Task to complete: Working from the entries that follow, transcribe exactly and only the lines from the one with "baixar bet959.com" through the last, pictures excluded.

Image-caption web data:
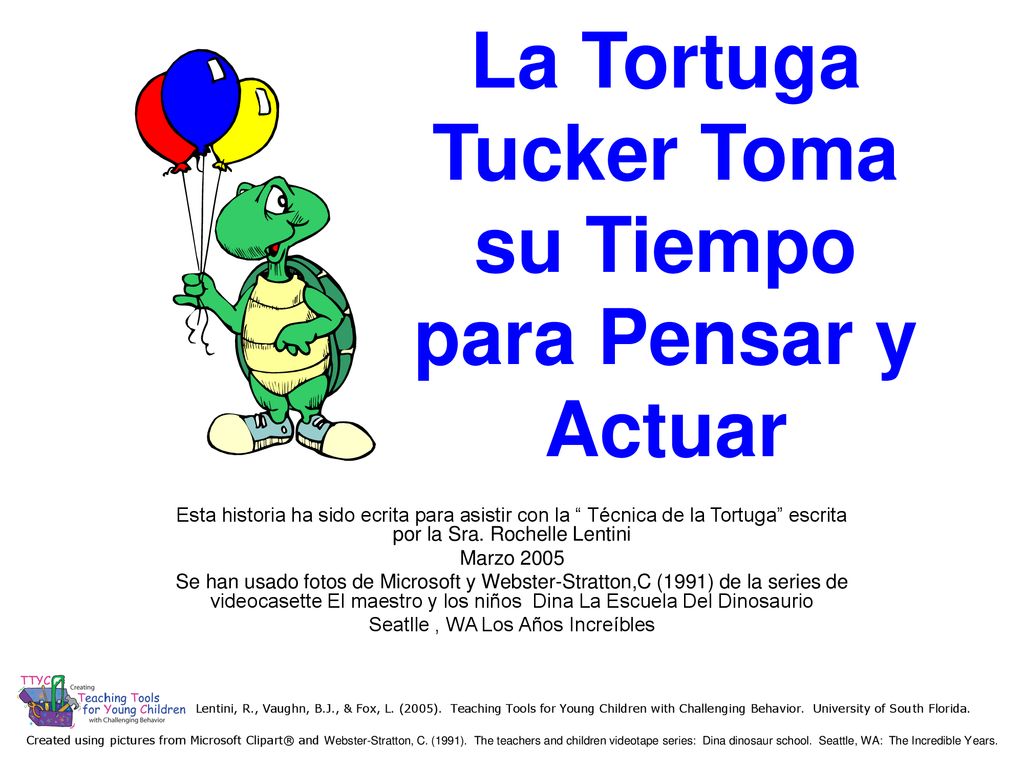 La Tortuga Tucker Toma su Tiempo para Pensar y Actuar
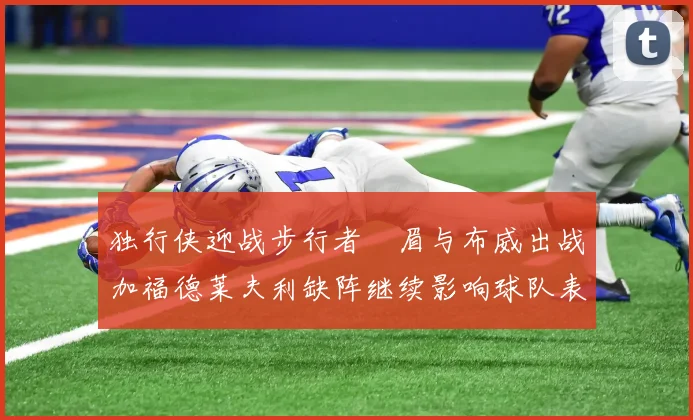 独行侠迎战步行者濃眉与布威出战加福德莱夫利缺阵继续影响球队表现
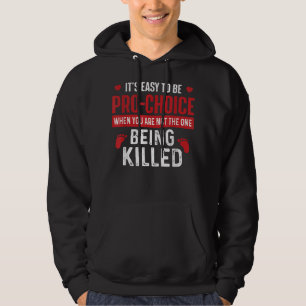 Es ist einfach, pro-wählend zu sein - ungeborene P Hoodie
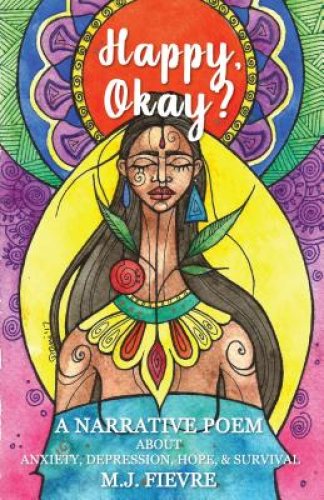 Happy, Okay?: Poems about Anxiety, Depression, Hope, and Survival (for Fans of Her by Pierre Alex Jeanty or Sylvester McNutt)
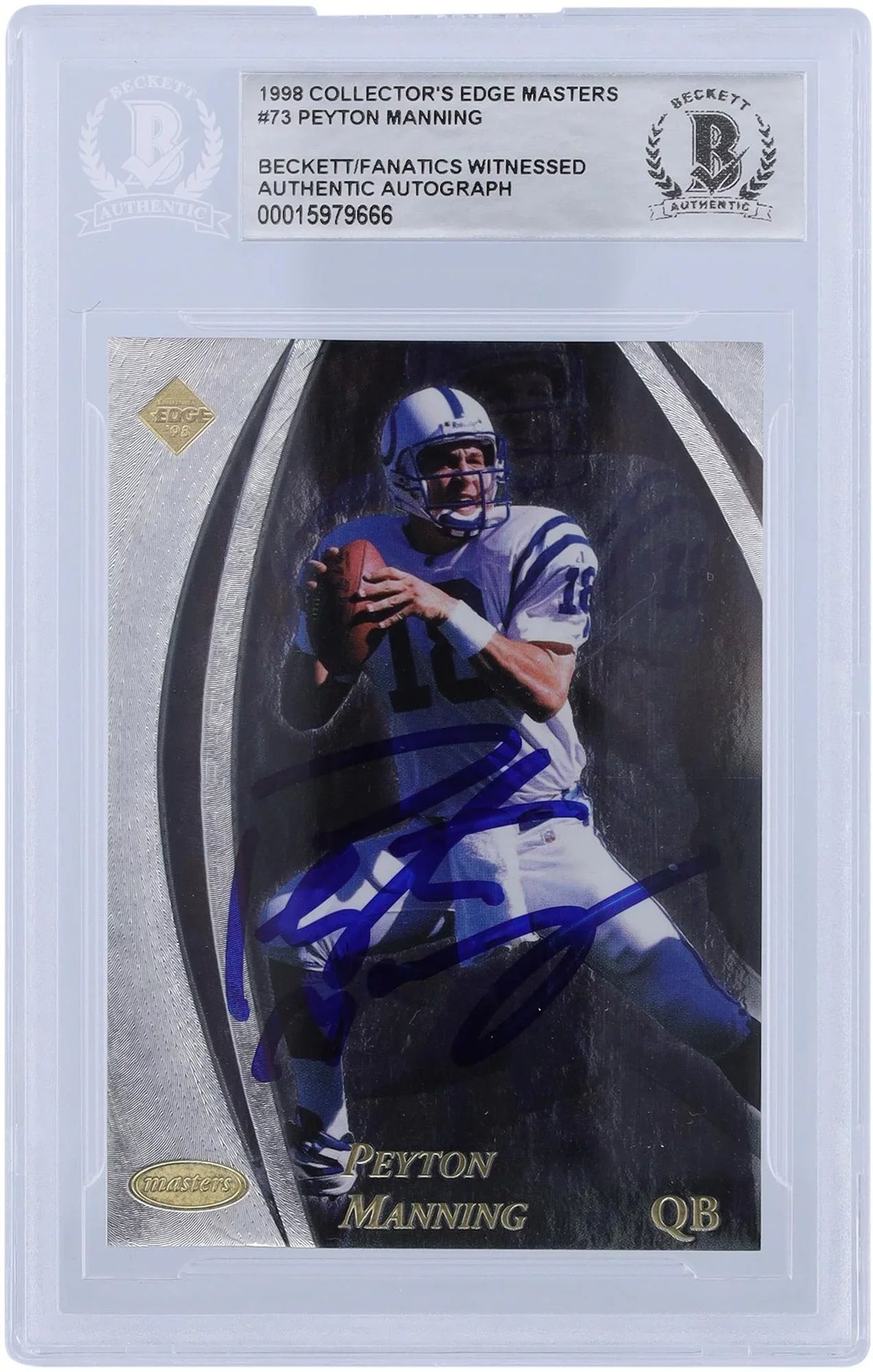 Fanatics Beckett Colts Authentic 1998 - Manning Authenticated Witnessed Card Certified Indianapolis Autographed Fanatics #73 #/5000 Collector's Edge Peyton Rookie Masters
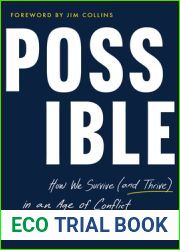 Possible: How We Survive (and Thrive) in an Age of Conflict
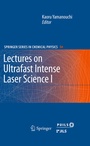 Cover: Lectures on Ultrafast Intense Laser Science 1 - Springer
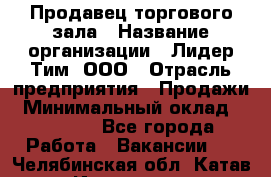 Продавец торгового зала › Название организации ­ Лидер Тим, ООО › Отрасль предприятия ­ Продажи › Минимальный оклад ­ 23 000 - Все города Работа » Вакансии   . Челябинская обл.,Катав-Ивановск г.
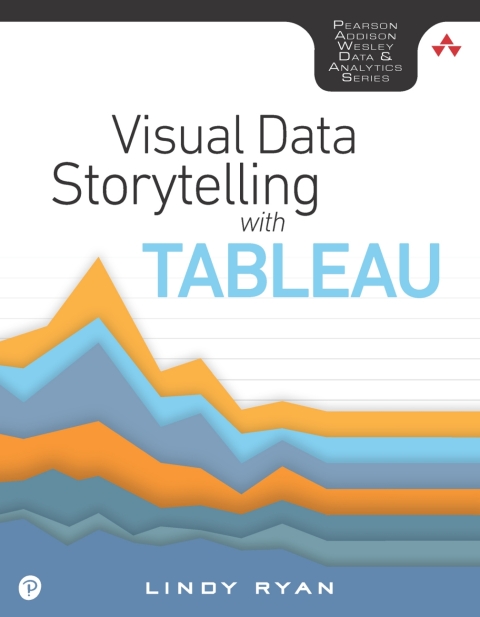 Cover image for book Visual Data Storytelling with Tableau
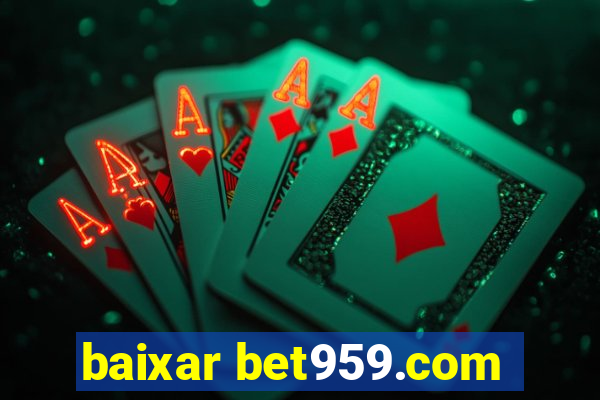 baixar bet959.com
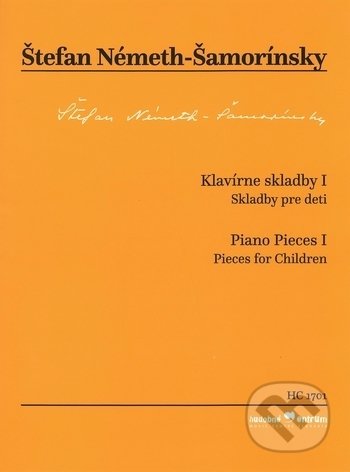 Kniha: Klavírne skladby I. (Štefan Németh-Šamorínsky). Hudobné centrum, 2017 Kniha: Klavírne skladby I. (Štefan Németh-Šamorínsky). Hudobné centrum, 2017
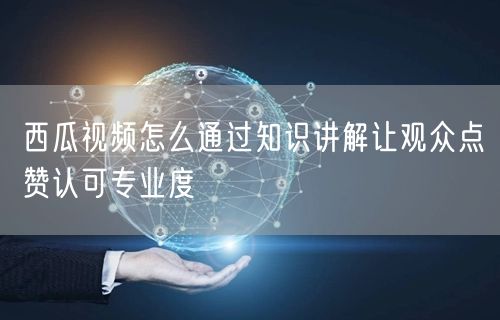 西瓜视频怎么通过知识讲解让观众点赞认可专业度
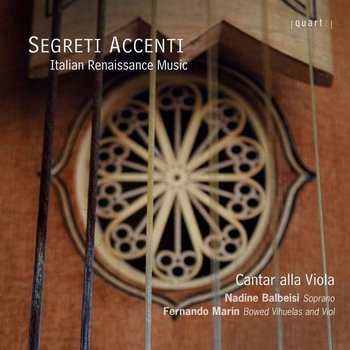 Segreti Accenti: Italian Music - Cantar alla Viola, Balbesi Nadine, Marin Fernando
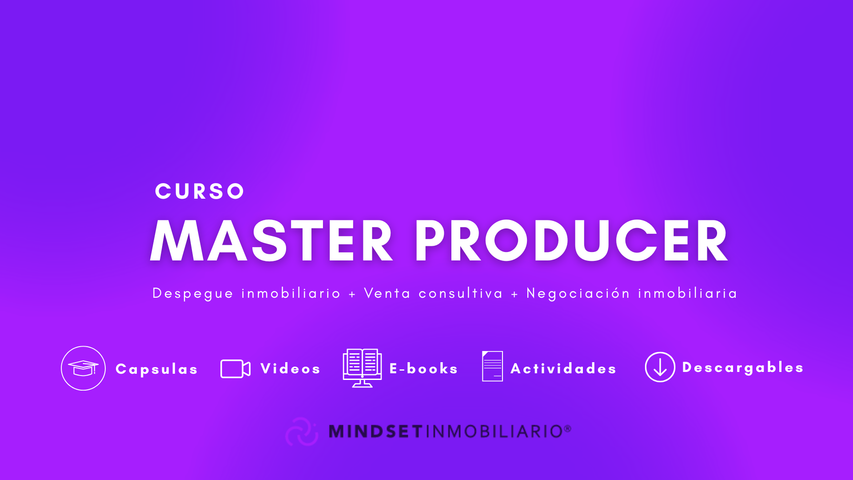 Master producer: Despegue + venta consultiva + negociación (A tu ritmo)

Solution for this exercise:
 baixar bet959.com
 Kniha: Klavírne skladby I. (Štefan Németh-Šamorínsky). Hudobné centrum, 2017 Kniha: Klavírne skladby I. (Štefan Németh-Šamorínsky). Hudobné centrum, 2017
 西瓜视频怎么通过知识讲解让观众点赞认可专业度
 Segreti Accenti: Italian Music - Cantar alla Viola, Balbesi Nadine, Marin Fernando
 Master producer: Despegue + venta consultiva + negociación (A tu ritmo)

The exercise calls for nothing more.